**WHAT IS BEING ASKED:**
Repeat the data exactly. Pictures stay out.

**DATA PROVIDED:**
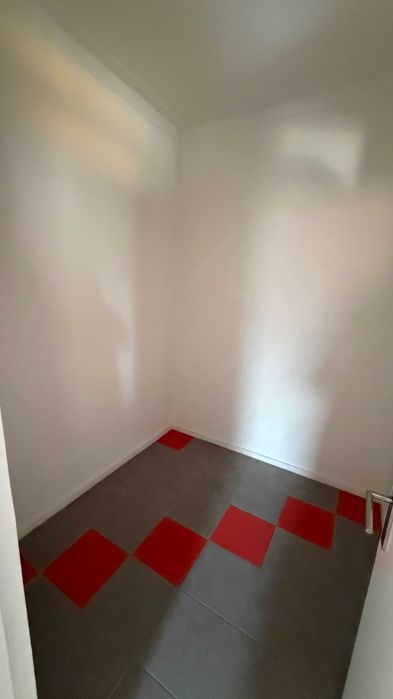 Moradia T2+1 Remodelada para Arrendamento em Canidelo – Vila Nova de Gaia
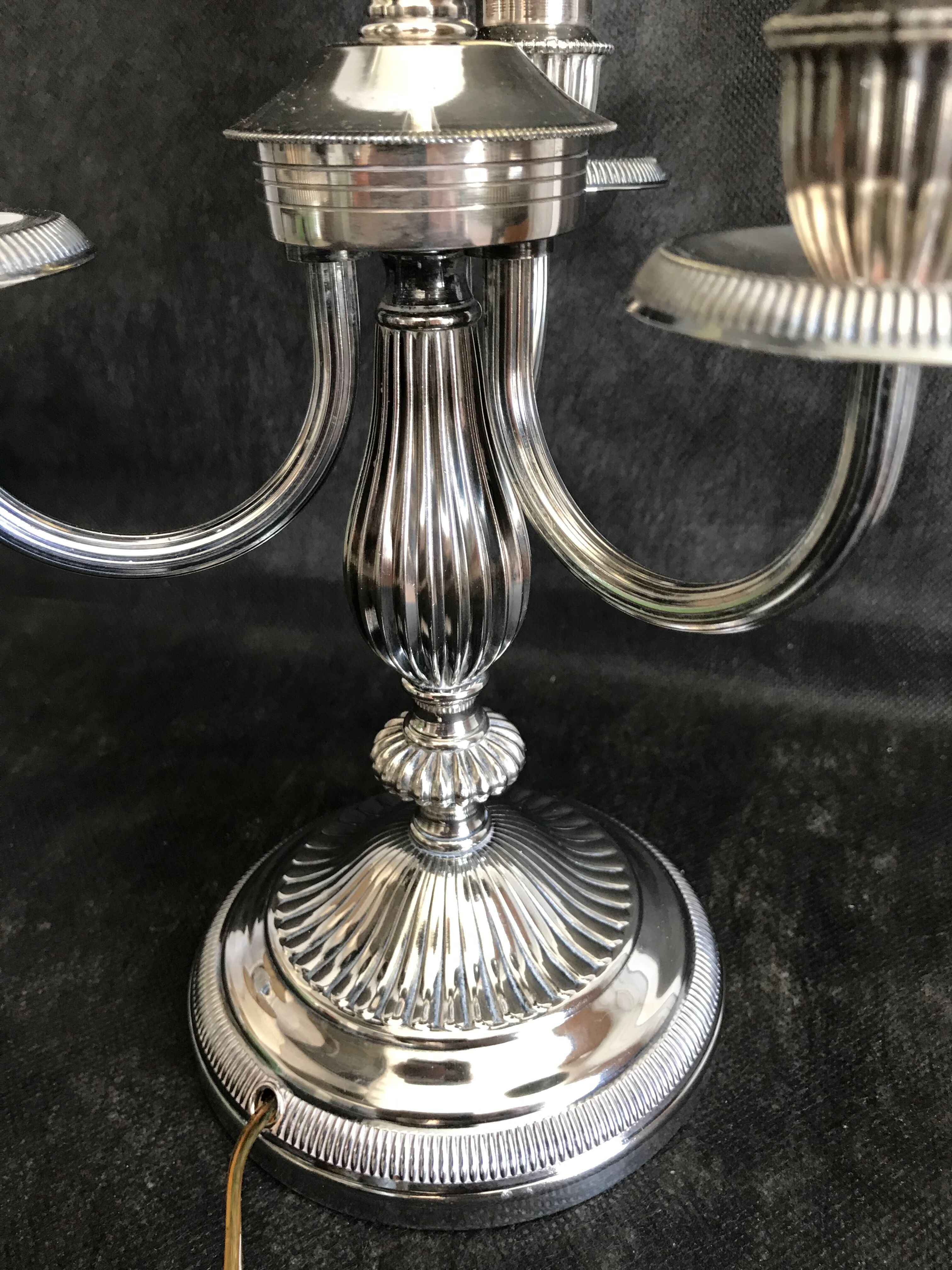 Lampe de bureau candélabre à 3 lumières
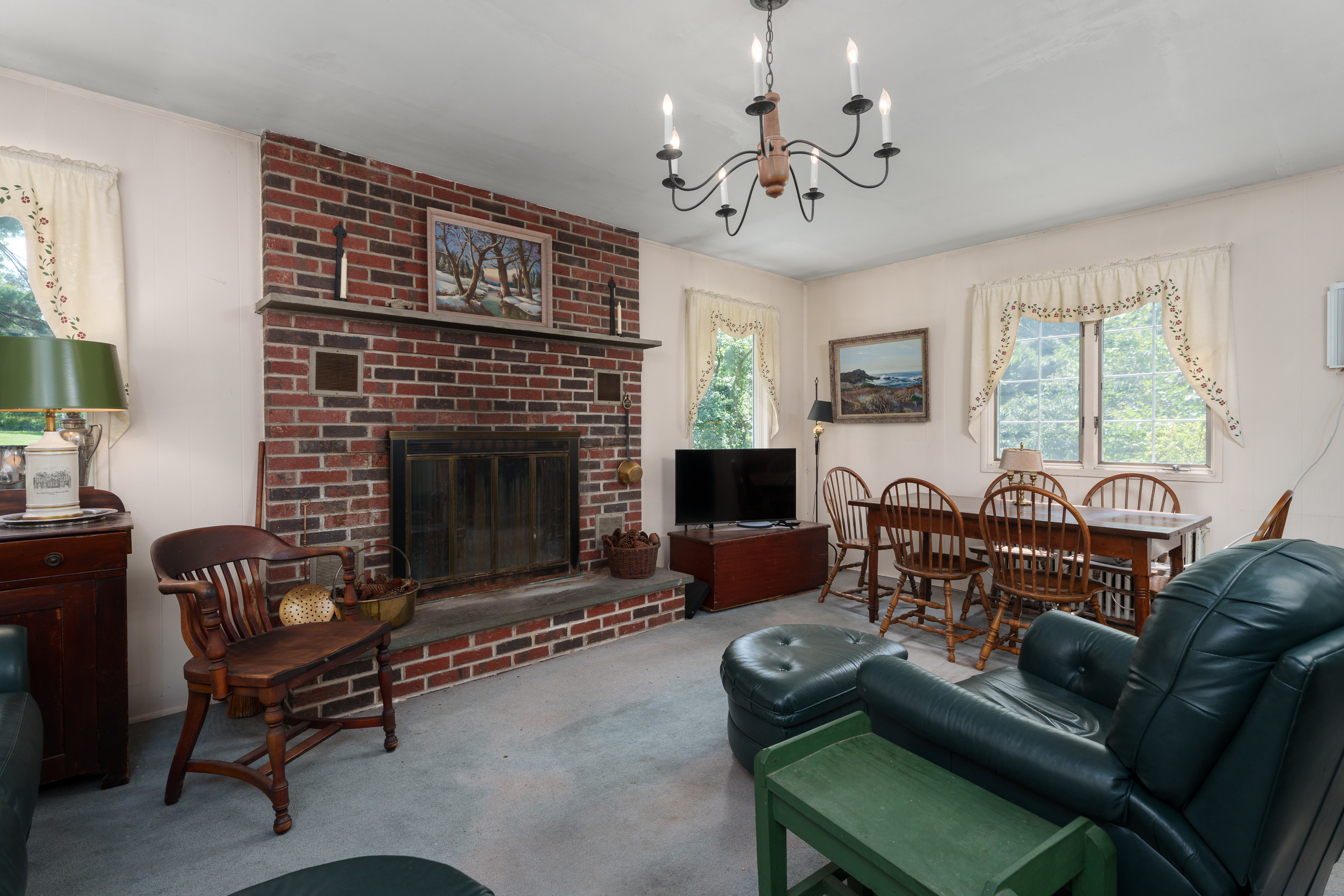  Historic Elegance Meets Everyday Living on Two Beautiful Acres - 物件實景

**SOLUTION TO THIS TASK:**
 Moradia T2+1 Remodelada para Arrendamento em Canidelo – Vila Nova de Gaia
 Lampe de bureau candélabre à 3 lumières
  Historic Elegance Meets Everyday Living on Two Beautiful Acres - 物件實景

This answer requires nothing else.